An Overview of Antimicrobial Resistance in Saudi Arabia (2013–2023) and the Need for National Surveillance

Microorganisms 2023, 11(8), 2086; https://doi.org/10.3390/microorganisms11082086
by Abrar K. Thabit 1,*, Afaq Y. Alabbasi 2, Faris S. Alnezary 3 and Imtinan A. Almasoudi 4
Microorganisms 2023, 11(8), 2086; https://doi.org/10.3390/microorganisms11082086
Submission received: 20 June 2023 / Revised: 8 August 2023 / Accepted: 10 August 2023 / Published: 15 August 2023
(This article belongs to the Special Issue Advances in Public Health Microbiology 2023)

Round 1

Reviewer 1 Report

The manuscript entitled “An overview of antimicrobial resistance in Saudi Arabia (2013-2023) and the need for national surveillance” describes a review on antimicrobial resistance in Saudi Arabia in the last ten years. Overall, this manuscript provides some interesting information about the antimicrobial resistance of the most important gram positive ang gram negative bacteria that isolated in several studies that performed in Saudi Arabia.

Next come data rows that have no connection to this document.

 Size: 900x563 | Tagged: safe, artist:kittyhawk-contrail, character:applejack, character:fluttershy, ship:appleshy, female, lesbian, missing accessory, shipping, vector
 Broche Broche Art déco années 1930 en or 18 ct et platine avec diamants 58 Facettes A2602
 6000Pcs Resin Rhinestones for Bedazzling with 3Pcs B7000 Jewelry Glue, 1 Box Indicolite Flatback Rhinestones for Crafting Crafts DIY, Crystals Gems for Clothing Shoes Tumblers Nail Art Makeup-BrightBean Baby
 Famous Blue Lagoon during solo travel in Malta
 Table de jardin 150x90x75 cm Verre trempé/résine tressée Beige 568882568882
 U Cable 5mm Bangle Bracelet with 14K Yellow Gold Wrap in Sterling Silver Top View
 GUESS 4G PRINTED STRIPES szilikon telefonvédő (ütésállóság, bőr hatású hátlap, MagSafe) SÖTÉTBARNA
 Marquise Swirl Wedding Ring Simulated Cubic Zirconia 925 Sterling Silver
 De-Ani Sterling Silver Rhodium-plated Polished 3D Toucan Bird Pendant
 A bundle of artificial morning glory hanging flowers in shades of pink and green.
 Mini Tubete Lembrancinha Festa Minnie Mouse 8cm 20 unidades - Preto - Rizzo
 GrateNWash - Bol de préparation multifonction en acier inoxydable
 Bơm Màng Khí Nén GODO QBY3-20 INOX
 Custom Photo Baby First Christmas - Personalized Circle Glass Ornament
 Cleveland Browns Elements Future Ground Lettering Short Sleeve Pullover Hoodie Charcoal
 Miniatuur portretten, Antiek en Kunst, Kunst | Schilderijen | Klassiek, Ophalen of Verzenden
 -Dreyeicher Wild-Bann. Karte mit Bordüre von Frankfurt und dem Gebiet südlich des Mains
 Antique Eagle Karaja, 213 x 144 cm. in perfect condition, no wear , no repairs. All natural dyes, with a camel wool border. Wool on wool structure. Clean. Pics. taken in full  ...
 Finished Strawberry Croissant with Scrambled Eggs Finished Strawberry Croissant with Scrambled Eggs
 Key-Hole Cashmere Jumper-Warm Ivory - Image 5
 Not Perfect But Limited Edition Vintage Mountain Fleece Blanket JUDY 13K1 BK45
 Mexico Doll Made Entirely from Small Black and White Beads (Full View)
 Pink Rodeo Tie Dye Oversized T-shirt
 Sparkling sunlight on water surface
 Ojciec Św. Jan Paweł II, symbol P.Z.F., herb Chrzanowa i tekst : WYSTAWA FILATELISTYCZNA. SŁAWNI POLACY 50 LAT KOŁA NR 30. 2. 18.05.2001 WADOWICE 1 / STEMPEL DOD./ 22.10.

According to this manuscript, the following comments should be addressed before considering its publication:

General comments:

The tables of the manuscript display unclear data. Add the number of total isolates in each table.

Authors should highlight the incidence of multi drug resistant isolates in each study used in this review

Specific comments.

MRSA isolates according to CLSI is considered resistant to oxacillin and/or cefoxitin, While in Table 1. 4.3 and 11.5 % of MRSA isolates were resistant to oxacillin and cefoxitin, respectively. Please revise the table and clear this point.  Also, 23.6 % of VRE isolates are resistant to vancomycin?? Revise and fix please.

Authors should mention if these studies used molecular techniques to detect the antimicrobial resistance genes.

Authors should focus on Linzolid resistance as it is the last drug of choice for treatment of MRSA, VRSA and VRE.

 

Line 407: Correct the title into: Acinetobacter baumannii.

Author Response

Dear reviewer,

We would like to thank you for taking the time to review and evaluate our manuscript. We have addressed all your comments and have revised the manuscript accordingly. An updated version of the manuscript highlighting the changes is attached. Please find below the responses to your comments.

  1. The tables of the manuscript display unclear data. Add the number of total isolates in each table.

Response: The total number of isolates was added to the title of each column of all the five tables in the manuscript. Also, to address this comment, as well as the comment of reviewer 2, we created figures showing the trend of evolution of resistance over the years for the major resistance patterns (i.e., MRSA, VRE, ESBL, CRE, MDR Pseudomonas and MDR Acinetobacter). The figures demonstrate the average percentage of prevalence that was reported in the studies of each year.

 

  1. Authors should highlight the incidence of multi drug resistant isolates in each study used in this review.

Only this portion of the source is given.